See Lesson, Prophet, the.

See Lesson, Minor prophets, and their messages.

HABAKKUK: The name probably means "the one who embraces". Nothing is known of his family.

"Now while Nahum looked at the latter day deliverance of Israel through the fall of Nineveh, Habakkuk contemplated the same consummation through the typical fall of Nebuchadnezzar's Dynasty. He saw Babylon in the plenitude of its power. Success would intoxicate the Golden Head, whose spirit would change, and he would transgress and offend by imputing his power to his own strength. And while Babylon triumphed, he saw that Israel and the nations were enclosed in its net, being subjected thereby to spoliation and great distress. He was desirous to know what all this would result in. He therefore besought Jehovah to reveal to him what the end would be. His petition was granted, and the consummation was represented to him in a vision, which is to speak 'at the end.' He saw in that epoch, which is termed 'the Day of Trouble,' a chief of nations, proud, covetous, rapacious, and impious, as Belshazzar; who will not confine himself to his own territories, but will enlarge his desire as the grave, and will be as death, which cannot be satisfied, but will gather to his throne all nations, and laden himself with all people as with thick clay. He saw this Power in vision execrated in its time as the spoiler of the nations, and the violator of the land of Israel, Jerusalem, and its inhabitants... Habakkuk saw that 'the earth shall be filled with the knowledge of the glory of Jehovah as the waters cover the sea' [Hab 2:14]; but he saw also that this could not be the character of the times until this Clay-Power should be removed out of the way. It was accordingly shown to him that the power should be broken by certain who should 'rise up suddenly' and 'awake'; and that the sleepers who shall awake to life and stand upon their feet for action, shall bite, and vex, and spoil him. These are the Saints he saw in vision..." (Eur).

Hab 1:2

Vv 2-4: This section is a lament and is similar to many psalms of lament (eg, Psa 6:3; 10:1-13; 13:1-4; 22:1-21; 74:1-11; 80:4; 88; 89:46; cp Jer 12:4; Zec 1:12; Rev 6:10).
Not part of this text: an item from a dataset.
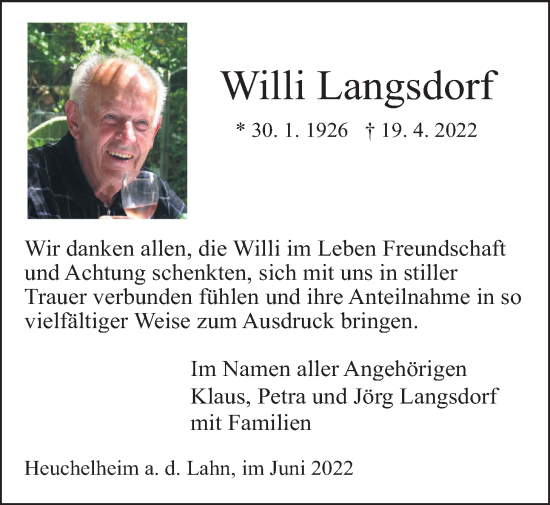 Traueranzeige von Willi Langsdorf von Giessener Allgemeine, Alsfelder Allgemeine, Giessener Anzeiger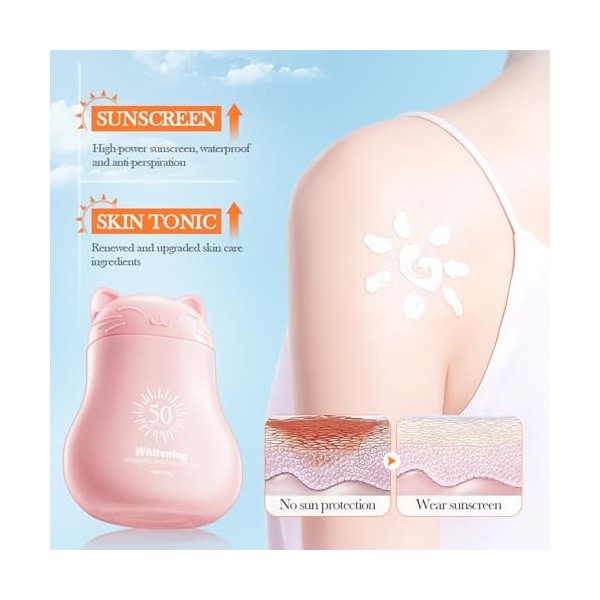Protection solaire blanchissante et hydratante avec effet éclaircissant, crème de jour SPF 50+ contre les taches pigmentaires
HOW LONG, O LORD, MUST I CALL FOR HELP, BUT YOU DO NOT LISTEN?: In prayer the prophet asked Yahweh "how long" would he have to call for help before the Lord responded (cp Hab 2:6; Exo 16:28; Num 14:11). God hears all prayers because He is omniscient, but Habakkuk meant that God had not given evidence of hearing it by responding to his prayer. He had cried out to the Lord reminding Him of the violence that he observed in Judah, but the Lord had not provided deliverance (cp Gen 6:11,13; Job 19:7). God had apparently not heard, and He certainly had not helped the prophet.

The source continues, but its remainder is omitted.